Exclude every picture. Output verbatim the lines from the one containing "Daytona Gray Pearl 2015 Audi S8 4.0T quattro" to the end of the data.

###

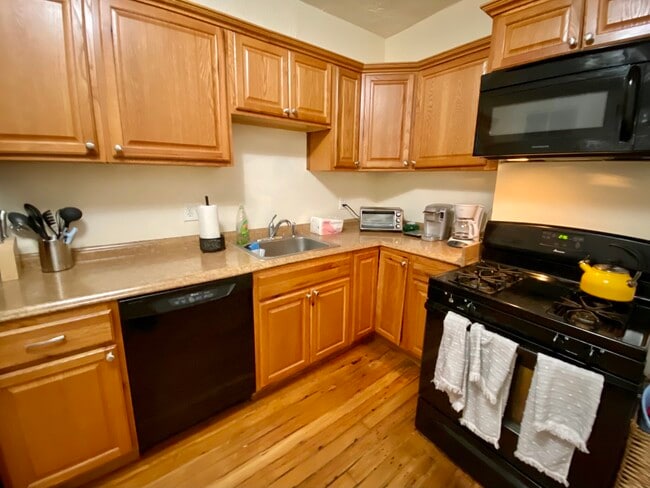 Photo - 97 Calumet St Unit 1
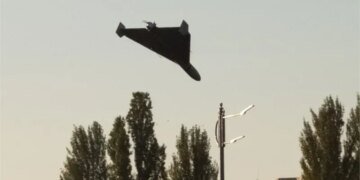Подвійне влучання ворожого дрона спричинило пожежу в Києві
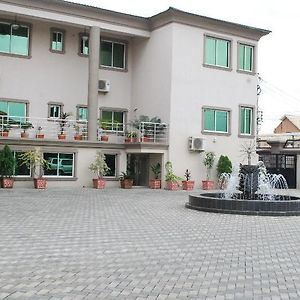Governor'S Apartments Bale Akiosi Exterior photo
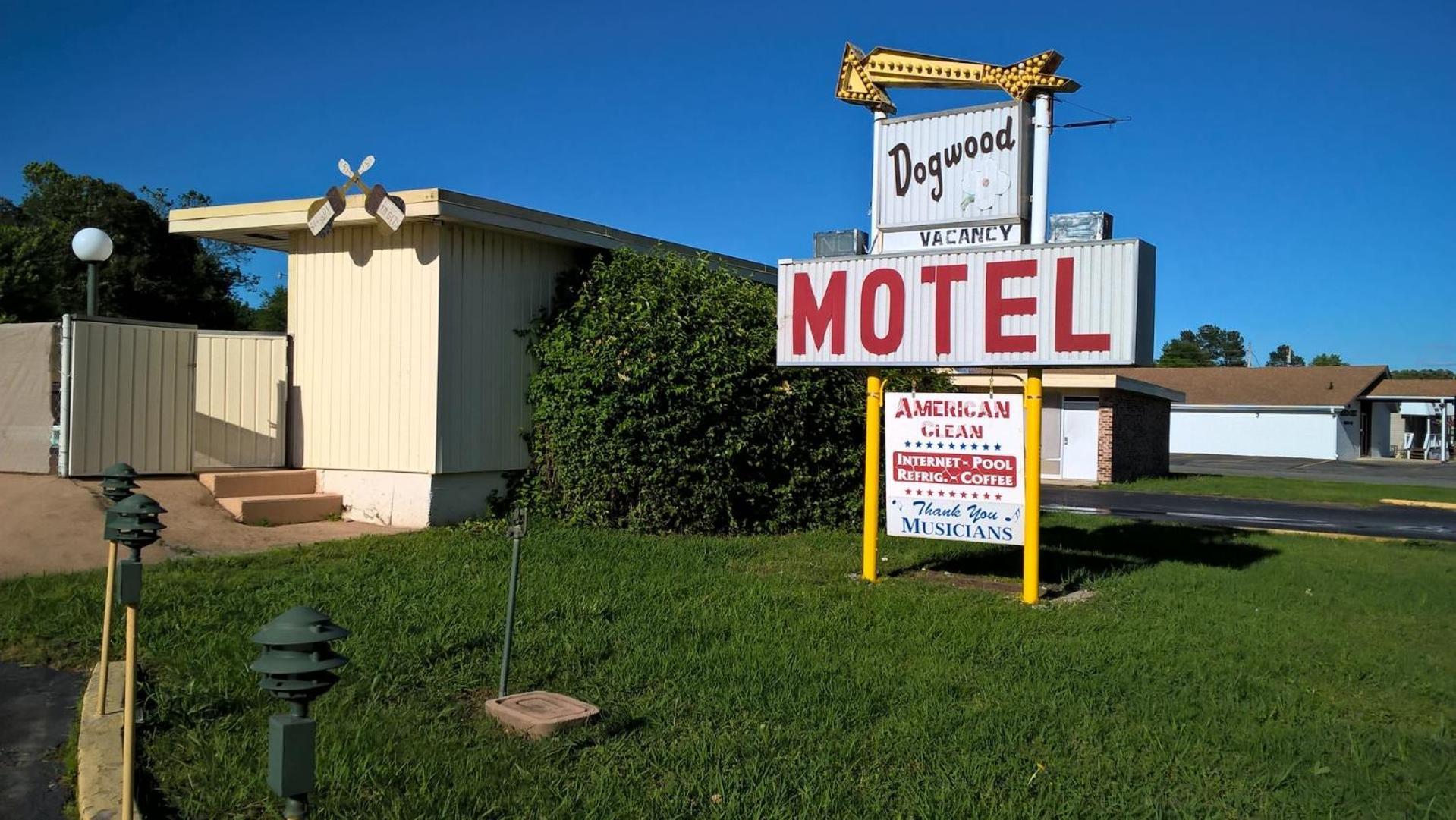 Dogwood Motel photo 34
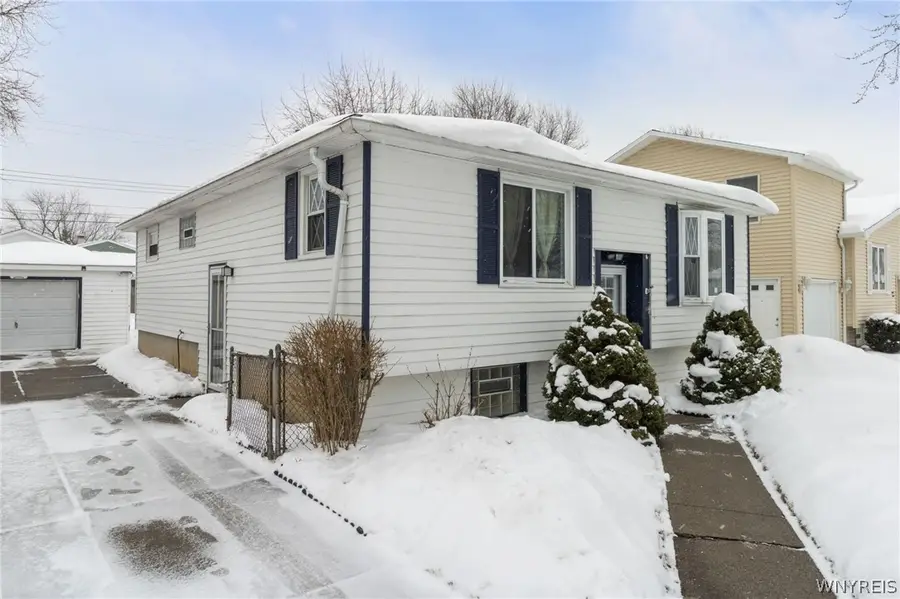 33 John Brian Lane, Buffalo, NY 14227 - Image #3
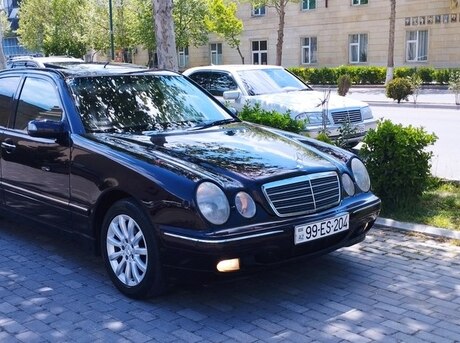 Mercedes E 220 d 2001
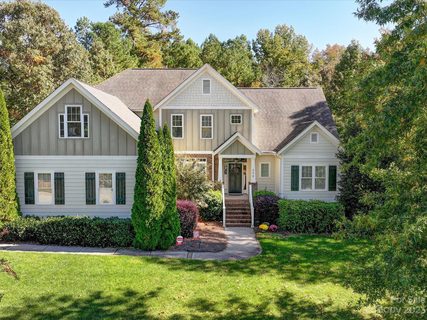 204 Ashmore Circle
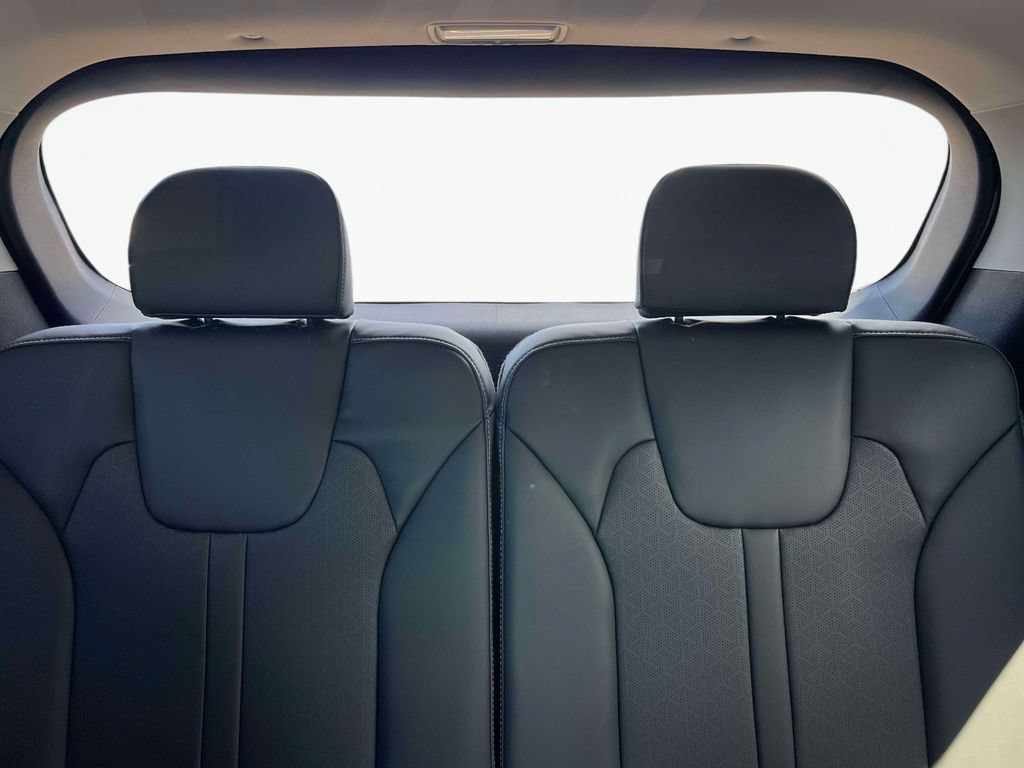 Certified 2023 Kia Sorento EX AWD/4WD image 13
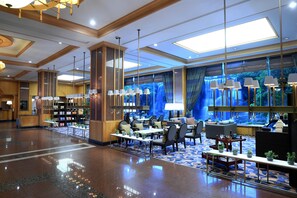 Bar-salon dans le hall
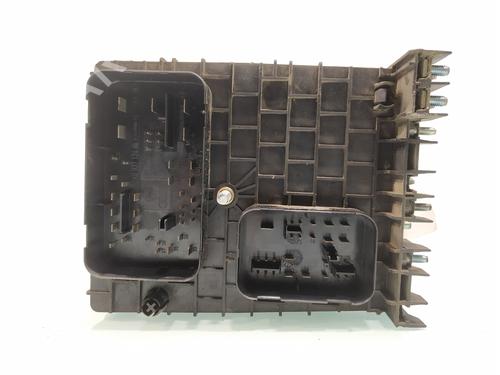 Fuse box VW GOLF V (1K1) | BP32323332E1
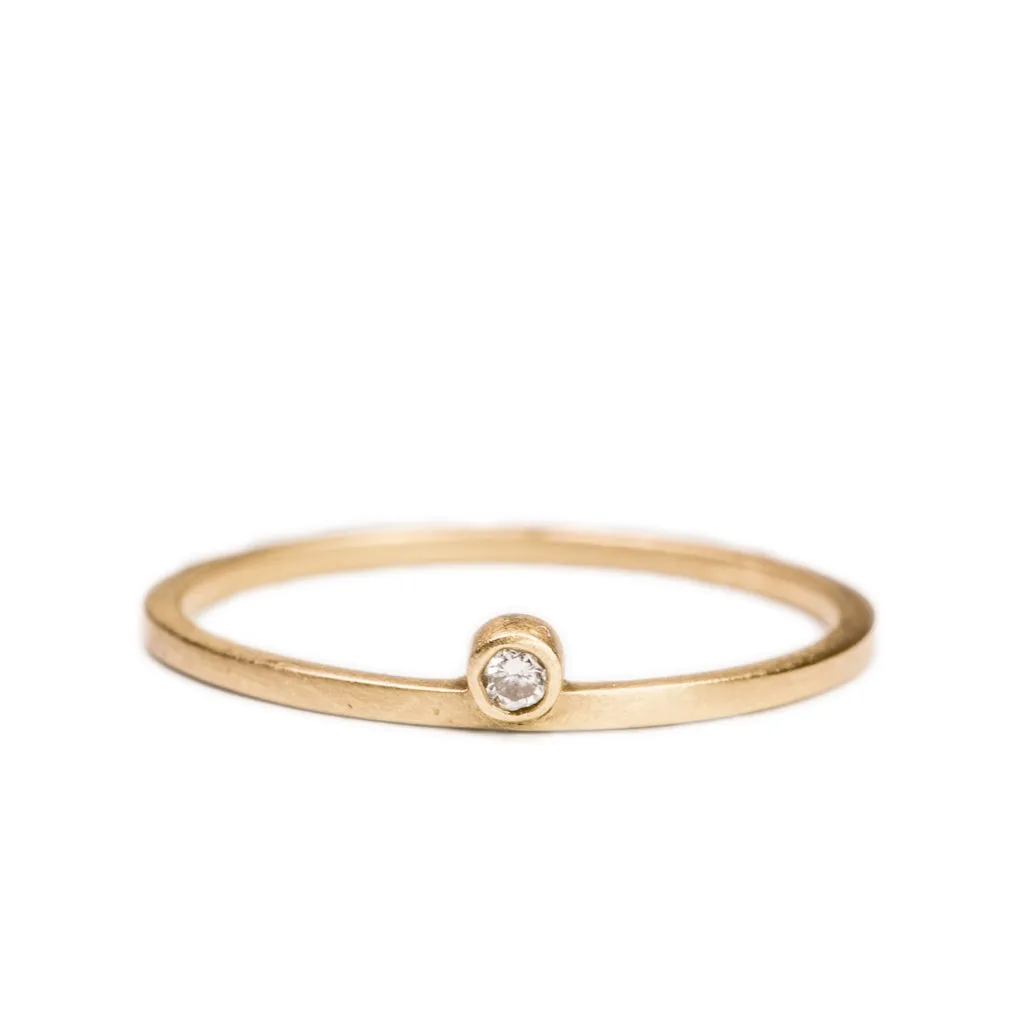 <!--RG441-->single diamond stacking ring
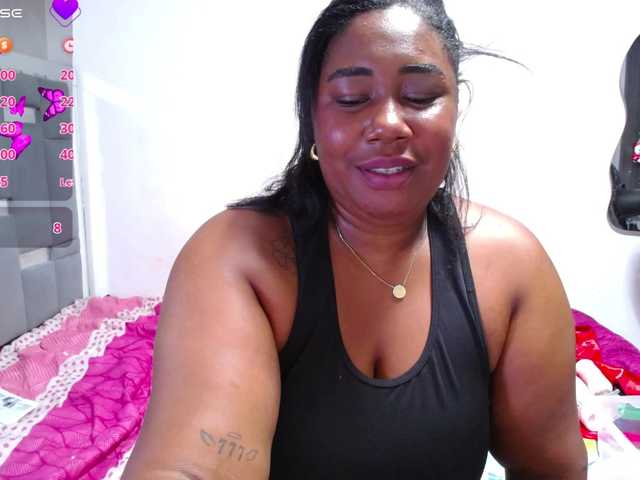 thickebonymilf live cam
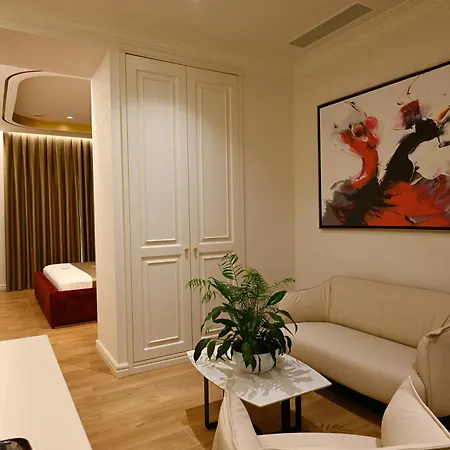 King & Queen Boutique Hotel *
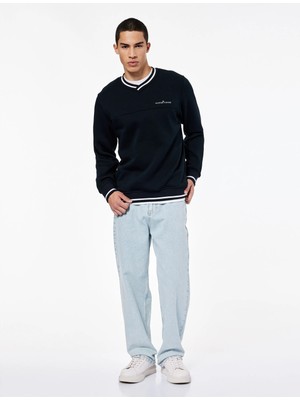 Koton Regular Fit Uzun Kollu Çizgi Detaylı Şardonlu V Yaka Sweatshirt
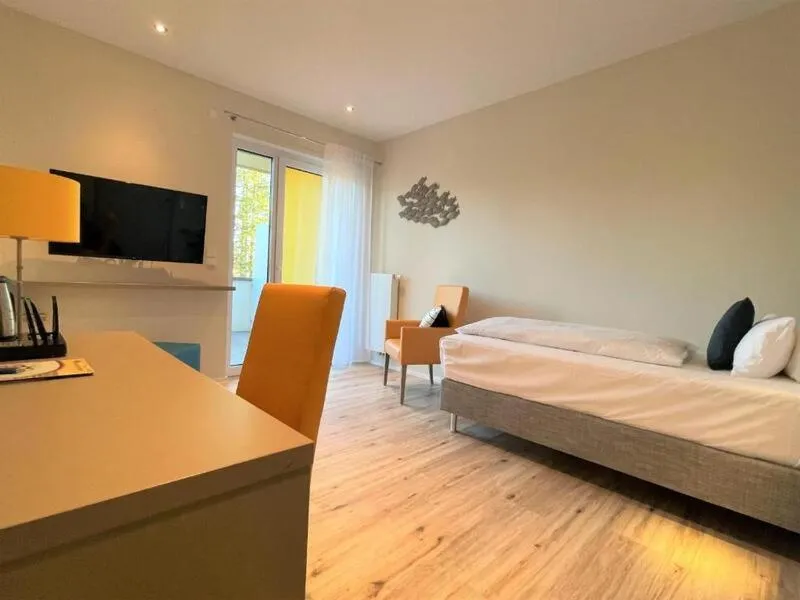 Bedroom, Bed in Bernsteinsee Hotel&Ferien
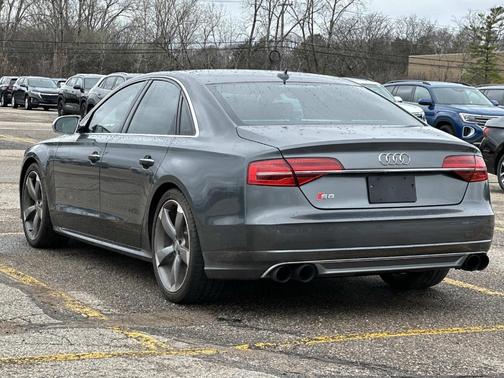 Daytona Gray Pearl 2015 Audi S8 4.0T quattro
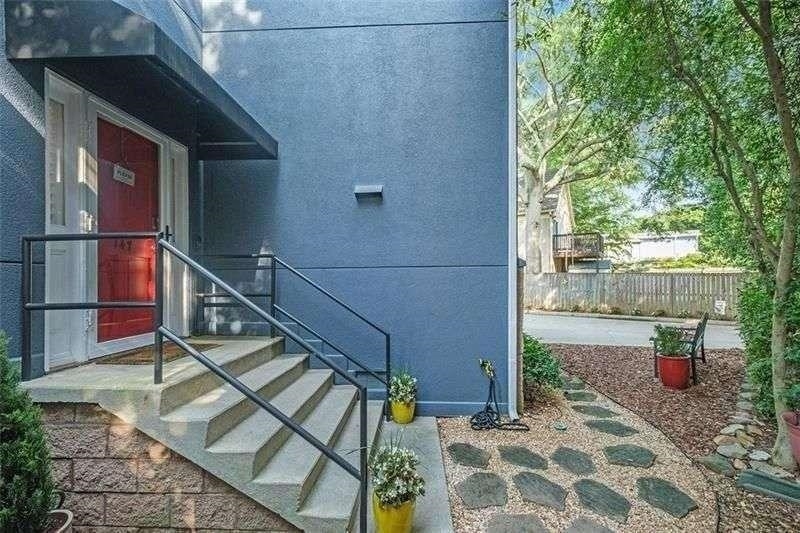 Property Photo: 147 Battery Place GA 30307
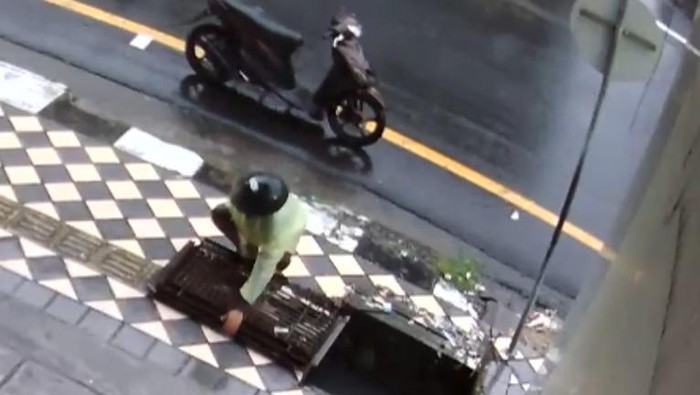 Pencuri Besi Penutup Gorong-gorong di Jalan Bau Massepe Parepare Terekam CCTV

###

_TASK OUTPUT_.
 Daytona Gray Pearl 2015 Audi S8 4.0T quattro
 Property Photo: 147 Battery Place GA 30307
 Pencuri Besi Penutup Gorong-gorong di Jalan Bau Massepe Parepare Terekam CCTV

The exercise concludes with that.